III. DES OPÉRATEURS ÉNERGÉTIQUES À RENFORCER DANS LE NOUVEAU CONTEXTE CONCURRENTIEL

A. LA FRAGILITÉ D'EDF FACE À L'OUVERTURE PROCHAINE DU MARCHÉ DE L'ÉLECTRICITÉ

1. La transposition prochaine de la directive électricité

La directive 96/92/CE concernant des " règles communes pour le marché intérieur de l'électricité " a été adoptée par le Conseil des ministres européen le 20 juin 1996, après le vote positif du Parlement européen. La France, comme ses partenaires, a jusqu'au 19 février 1999 pour mettre sa réglementation en accord avec les termes de cette directive qui entraîne l'ouverture du marché de l'électricité à la concurrence.

Le texte de la directive est un compromis entre les dispositions initiales de la directive et la position française. Elle reconnaît notamment la légitimité des obligations de service public et de la programmation à long terme dans le secteur électrique, dans le respect du principe de subsidiarité.

La France a ainsi obtenu que les Etats aient le choix entre deux types de systèmes : l' accès des tiers au réseau d'une part, ou ATR, qui permet aux nouveaux producteurs d'électricité de contracter directement avec les consommateurs, et le système de l'acheteur unique , qui permet à l'opérateur chargé du monopole du réseau d'organiser la concurrence entre les opérateurs.

Ce concept permet d'ouvrir les marchés nationaux à plus de concurrence tout en excluant l'ATR et en préservant les missions d'intérêt général que les Etats confient aux opérateurs du secteur électrique, telles que la sécurité d'approvisionnement, la péréquation tarifaire, l'obligation de fourniture et la protection de l'environnement.

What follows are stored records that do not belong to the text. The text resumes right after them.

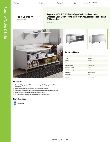 Regency Tables & Sinks 600EBTB3096 Specsheet Regency Tables & Sinks 600EBTB3096 Specsheet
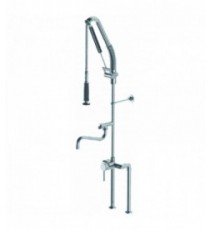 MISCELATORE A LEVA TOP CLEAN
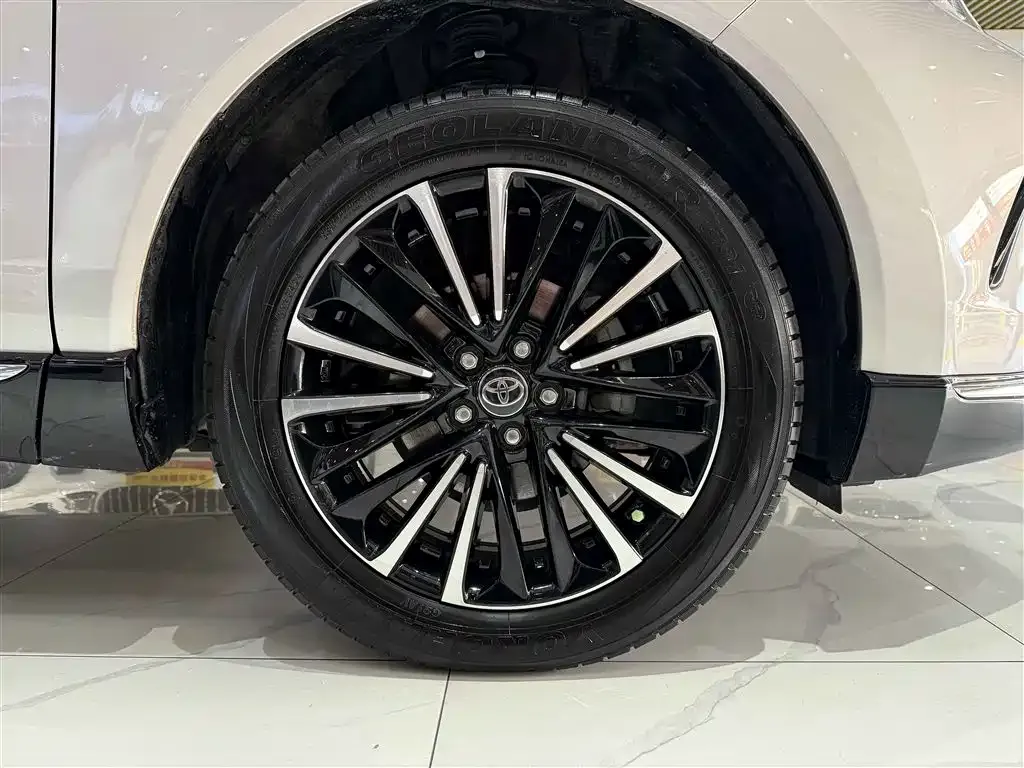 Toyota Venza 2022 из CN, фото 8
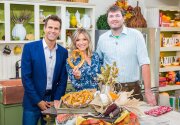Homemade Pretzels - Home & Family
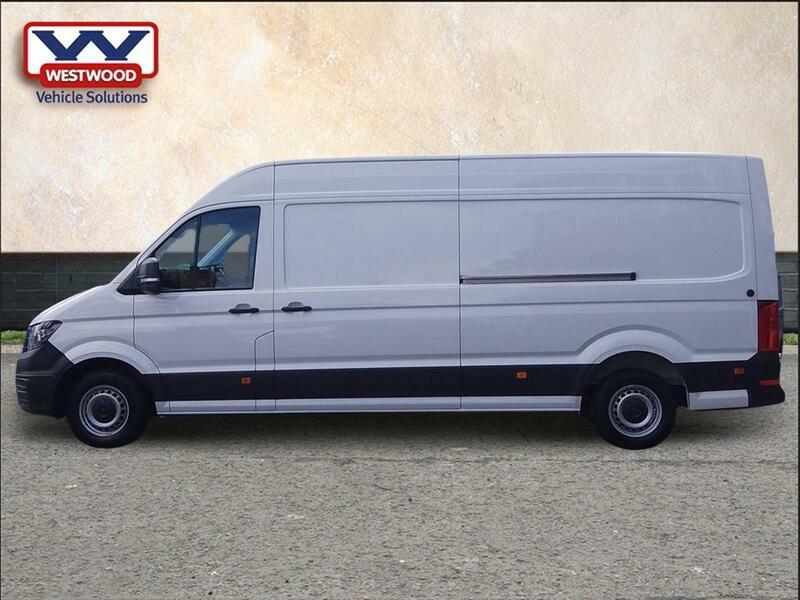 Volkswagen Crafter 2.0 Tdi Cr35 Commerce Fwd Lwb High Roof Euro 6 S #6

La directive comporte par ailleurs un certain nombre de dispositions obligatoires qui constituent les règles communes à tous les systèmes électriques. Elle fait ainsi obligation aux fournisseurs de présenter des comptes séparés relatifs à la production, à la distribution et au transport. C'est ce que l'on appelle l' " unbundling " comptable. Il s'agit également de permettre la liberté d'établissement pour de nouveaux producteurs et d'organiser une ouverture progressive des marchés nationaux, en particulier pour les grands consommateurs.

La directive comporte, également, un certain nombre de dispositions ouvertes aux choix des Etats membres : possibilité d'imposer des obligations de service public clairement définies aux entreprises du secteur électriques, possibilité de prévoir une planification à long terme des investissements de production, de désigner un gestionnaire unique du réseau pour le transport ou encore d'adopter un système d'autorisation ou d'appel d'offres pour la construction de nouvelles unités de production.

La directive fixe enfin avec précision les objectifs à atteindre en terme d'ouverture du marché . Conformément aux souhaits de la France, cette ouverture sera partielle et progressive : 25 % des ventes (en volume) seront ouverts à la concurrence en 1999, puis 30 % en l'an 2000, et 33 % en 2003. De 40 gigawattheures par an et par site, le seuil de consommation au delà duquel les consommateurs pourront s'adresser au fournisseur d'électricité de leur choix passera ainsi à 9 gigawattheures par an en 2006. Dans un premier temps, ce sont les 400 plus gros clients d'EDF qui pourront contracter avec des fournisseurs d'électricité de leur choix. Ce sont pour l'essentiel des entreprises industrielles pour lesquelles le prix de l'énergie est un élément important de leur prix de revient. Ils seront 2500 à la dernière étape.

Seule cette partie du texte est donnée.